La performance, justement, c’est aussi une affaire de mots, d’écriture et de langage. En effet, performer signifie un mode d’expression, une mise en acte de la parole. Dans l’écriture de la drogue, la performance consiste à soumettre le langage à une opération qui permet de dire la drogue. Car l’expérience vécue (parce qu’elle est avant tout affaire de perception, parce qu’elle correspond à une réalité unique, non partageable et non reproductible) dépasse très souvent les capacités langagières de l’auteur. Elle tient de l’indicible. En cela, Frey n’est pas différent de ses prédécesseurs: sa performance textuelle repose sur une série de moyens employés pour faire correspondre l’écrit et l’expérience.

Emporter le paradis d'un seul coup

Dans tous les cas, la drogue est un moyen pour les écrivains de réfléchir à notre rapport au monde: déchirés entre le désir et le manque, nos contemporains connaissent eux aussi la compulsion, la tentation des objets qui chantent à l'unisson, comme dans un dessin animé de Disney qui aurait tourné au cauchemar: «Consomme-nous! Consomme-nous! Quand tout sera consumé, tu seras au Paradis.» Il est peut-être banal d'affirmer que tout peut potentiellement être une drogue: l'amour, le sexe, le café, le dessert, mais il l'est sans doute moins de pousser à termes le raisonnement. Le fait de s'investir affectivement dans la consommation laisse entrevoir une forme de vide. De quelle nature est ce vide? C'est la question que la drogue pose. Et comme il existe plusieurs sortes de drogues, il doit exister aussi plusieurs sortes de vide, ou plusieurs façons de s'y abandonner.

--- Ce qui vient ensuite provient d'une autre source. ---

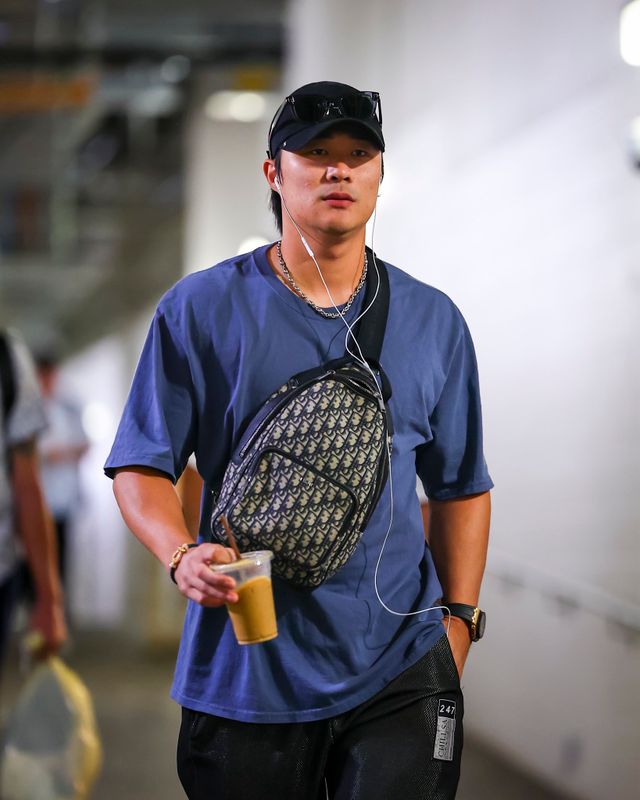 탬파베이 레이스 내야수 김하성이 미국 미네소타주 미니애폴리스의 타깃필드에서 열린 2025 미국 메이저리그(MLB) 미네소타 트윈스와의 원정경기에 7번타자 겸 유격수로 선발 출전해 3타수 1안타 1도루를 기록했다. 7회초 3루 도루를 시도하다가 다리 쪽에 불편함을 느끼면서 7회말 월스와 교체됐다. 탬파베이 구단 공식 SNS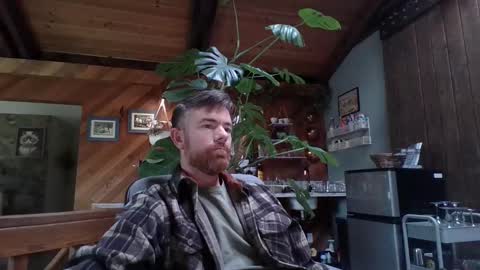 Snapshot of freddypj chatting on 25, 9, 2025 Freddy online show from 25, 9, 2025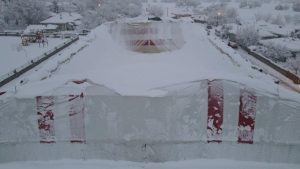 Erzincan’da kar yükü halı sahanın çatısını çökertti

Going With the Heat: «Miami Vice» et les contradictions culturelles du reaganisme

Dans le cadre de sa communication, Antonio Dominguez Leiva s'intéresse à la série Miami Vice, qui propose une solution mythique aux contradictions culturelles du reaganisme, du moralisme de la «guerre contre les drogues» à la célébration du lifestyle hédoniste associé aux «cocaine cowboys» du Miami des eighties.